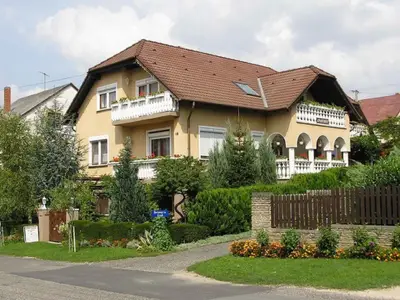 Ferienhaus für 2 Personen (46 m²) in Hévíz 1/10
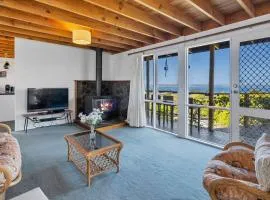Ocean Views 20kms from CBD Sleeps 10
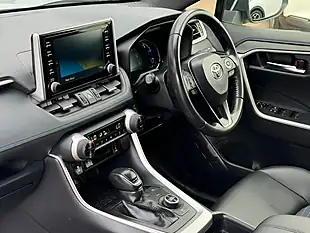 Used 2020 Toyota RAV4 Dynamic Silver - Interior and Exterior details 4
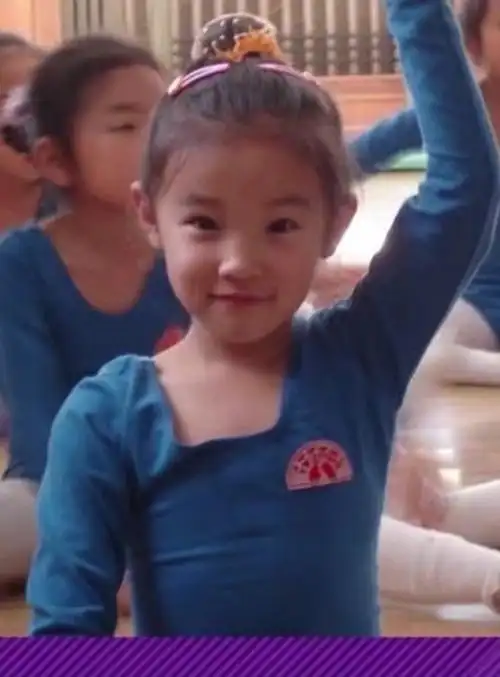 网友扒出宋雨琦童年照,看清她真实容貌后:说她整容的出来挨打!_小时候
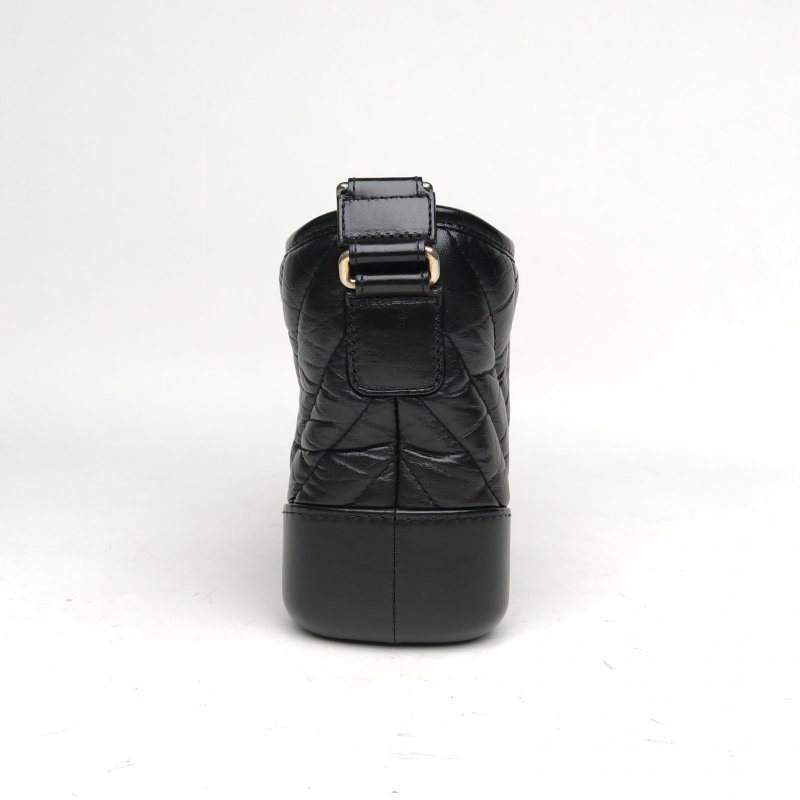 CHANEL GABRIELLE流浪小號黑色牛皮27開金銀扣V紋肩背包-3
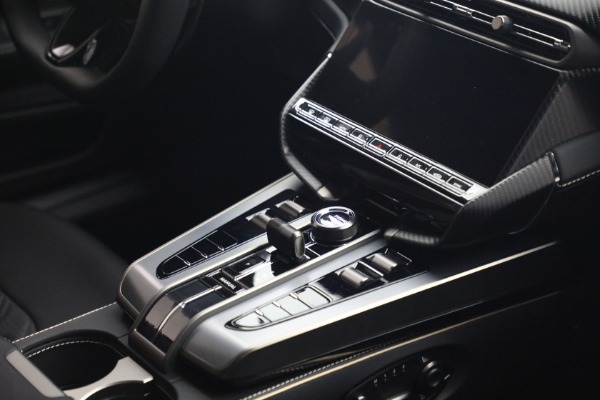 Used 2025 Aston Martin Vanquish for sale $415,900 at Pagani of Greenwich in Greenwich CT 06830 28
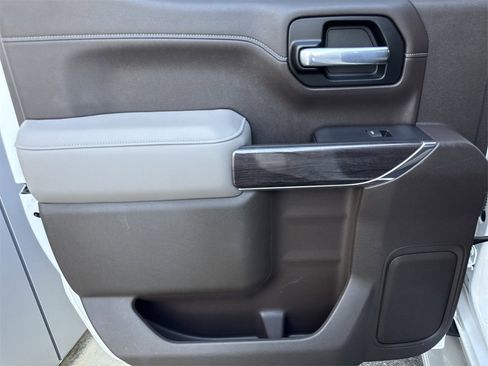 Used 2021 Chevrolet Silverado 1500 LTZ image 29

## ASSIGNMENT
Give the records again without a single change, and exclude the pictures.

## EXERCISE SOLUTION
 Ferienhaus für 2 Personen (46 m²) in Hévíz 1/10
Ocean Views 20kms from CBD Sleeps 10
 Used 2020 Toyota RAV4 Dynamic Silver - Interior and Exterior details 4
 网友扒出宋雨琦童年照,看清她真实容貌后:说她整容的出来挨打!_小时候
 CHANEL GABRIELLE流浪小號黑色牛皮27開金銀扣V紋肩背包-3
 Used 2025 Aston Martin Vanquish for sale $415,900 at Pagani of Greenwich in Greenwich CT 06830 28
 Used 2021 Chevrolet Silverado 1500 LTZ image 29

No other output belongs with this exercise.